Machine learning models are becoming increasingly popular in a variety of industries, they are involved in the decision making process of sensitive matters, where there is a high price for any mistakes made. Despite the sensitivity of the matter, many ML models go into production unmonitored and without proper testing, and thus they are prone to significant risks. This is perhaps due to the fact that MLOps is still a new field and there is currently not a standardized method for monitoring machine learning models.
Who‘s In Charge?
Visualization of the different parties involved in the ML model development and upkeep (source)

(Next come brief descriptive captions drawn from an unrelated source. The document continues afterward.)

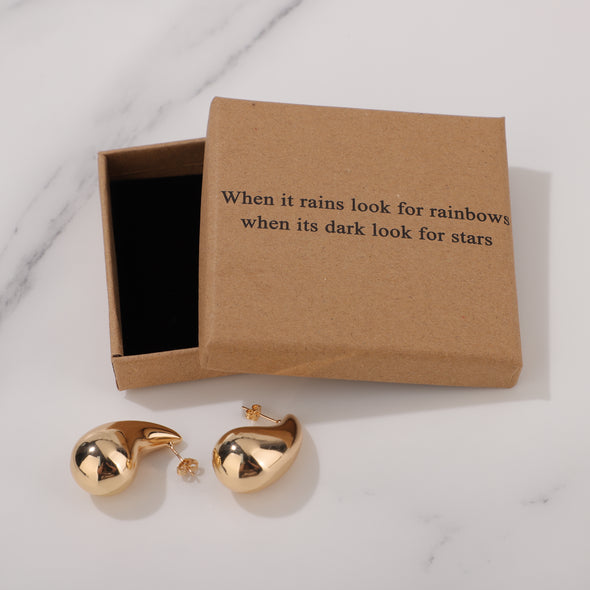When it rains look for rainbows when its dark look for stars Earrings for Friend Encouragement Gift Motivational Jewelry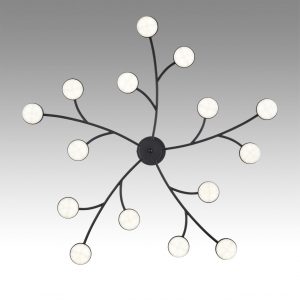 8117/15 COMFI LN26 235 черный, металл Люстра LED GX53 15*7W 220V TORINA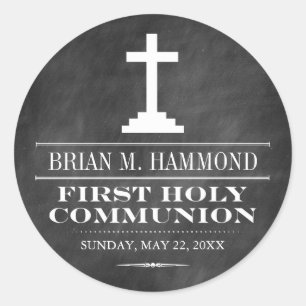 Adesivo Primeiro comunhão santamente do quadro simples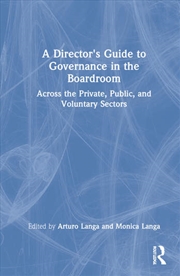 Buy A Director's Guide to Governance in the Boardroom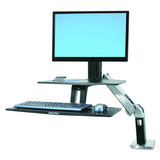 Ergotron Workfit-A Stand with Suspended Keyboard (24-391-026)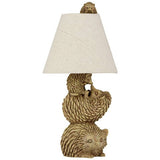 Argos Home hedgehog family table lamp, imported from the UK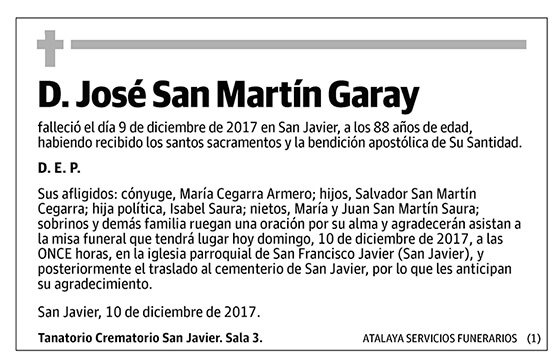 José San Martín Garay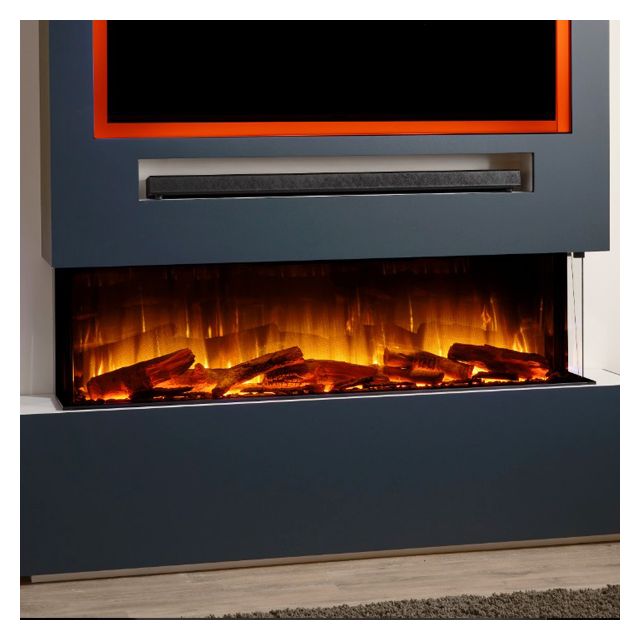 Flamerite Radia 1300 1-2-3 Sided Electric Fire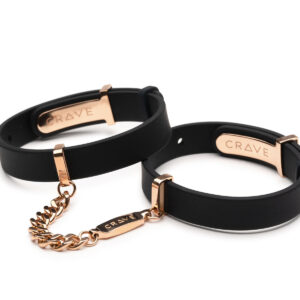 Alternative view of Crave ID Cuffs Black/Rose Gold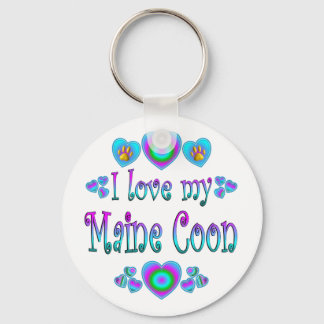 Llavero Me encanta mi gato de Maine Coon
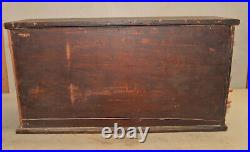 Rare antique watchmaker or jewelers cabinet storage chest collectible parts lot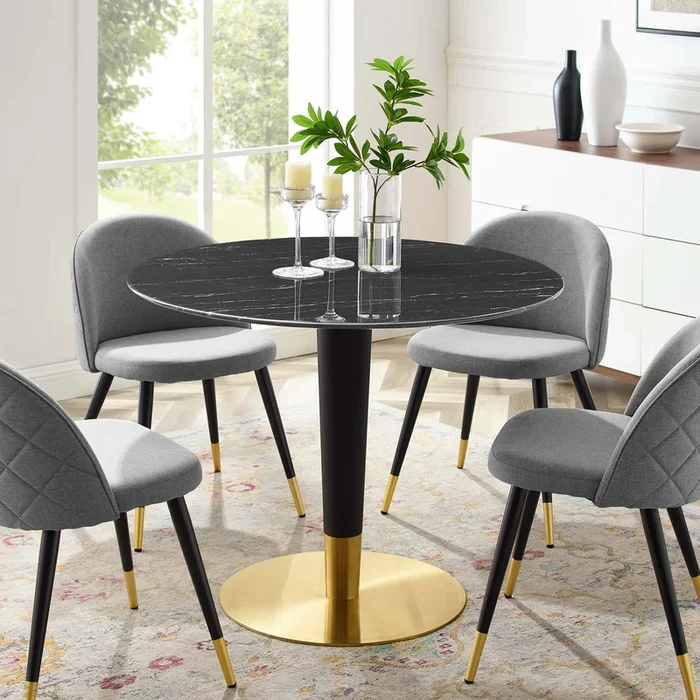 Zinque 40 ” Artificial Marble Dining Table by Modway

A production-ready ML model is often a product of contributors from various fields. The data engineers explore, clean, and construct the data pipelines, data scientists experiment and create different models and evaluate their performance. ML engineers than productionize the chosen model and incorporate it into the production environment, and finally, DevOps are in charge of deployment and monitoring. Each of these roles has different expertise and a different idea of what monitoring consists of. This complex setup can lead companies to a situation where there is no single body that takes full responsibility for the ML models that are in production. In order to create a proper monitoring system, the different parties need to form a common language and address the different aspects of monitoring ML systems.
Often no single body takes full responsibility for the ML models in production (source)
What Should be Monitored?
While DevOps teams are usually more familiar with metrics such as uptime, resource utilization latency, etc., they might not be familiar with machine learning model monitoring metrics such as accuracy, precision and recall, concepts such as slice-based performance metrics.
Additionally, as the performance of an ML model is tied directly with the data it operates on, it is essential to monitor both the model’s output and the input features at different stages in order to detect data drifts and schema changes early on, and identify the source of any issues that may arise.
Finally, it can be tricky to define when something “goes wrong” as ML models are statistical objects that are allowed to make some mistakes. Thus testing machine learning models is not exactly the same as traditional software testing.
What Can Go Wrong With Your Model After Deployment?
When your ML model meets the real world there are a variety of issues that may come up, either immediately or after some time in production.
Dev/Production data mismatch: Many ML models are trained on hand-crafted clean datasets. When these models are then applied to real-world data they have poor performance due to this mismatch. Even a minor mismatch in the structure of the data that is fed to your ML model can have a huge impact on the model’s performance.
Data integrity issues: The data pipeline is often complex and the format of the data may change over time, fields could be renamed, categories may be added or split, and more. Any such change can have a dramatic effect on your model performance.
Data drift and concept drift: Data in the real world is constantly changing. Social trends, market shifts, and global events affect each and every industry. These in turn may affect the distribution of the data that is being fed to your model, or that of the desired target prediction. Thus the data you’ve trained your model on becomes less and less relevant over time. The format of the data is still valid but your model will become stale and performance will deteriorate over time.
Serving issues: Finally, it may even be possible that your model is not receiving the traffic you expect it to receive, or that model latency is so high that the predictions are not actually being incorporated in the system as intended.
These are some of the common problems that can be detected by proper machine learning model monitoring early on, and save you and your company from a potential catastrophe. Without proper monitoring, some of these issues can go unnoticed, as ML models are relatively “hidden” in the production environment and are often treated as black boxes.
Be in Control
Proper monitoring will enable you to be in full control of your ML models (source)
Monitoring ML models in production will enable you to be in control of your product, detect issues early on and intervene when action is needed right away. You will be notified whether the data pipeline breaks, a certain feature is not available, or your model has simply become stale and must be retrained. Additionally, continuous evaluation of machine learning model performance metrics will let you have peace of mind, knowing that your model is operating as expected. Machine learning model performance monitoring practices play a significant role in transitioning towards more reliable and unbiased AI systems.
If you have any ML models in production at the moment ask yourself the following questions:
- What are the metrics that I am constantly monitoring? Are they a good enough indicator of success?
- How will I know when there is some mismatch between the development data and the production data?
- How long will it take me to find out my model is not working as expected? How long will it take me to identify the source of the problem?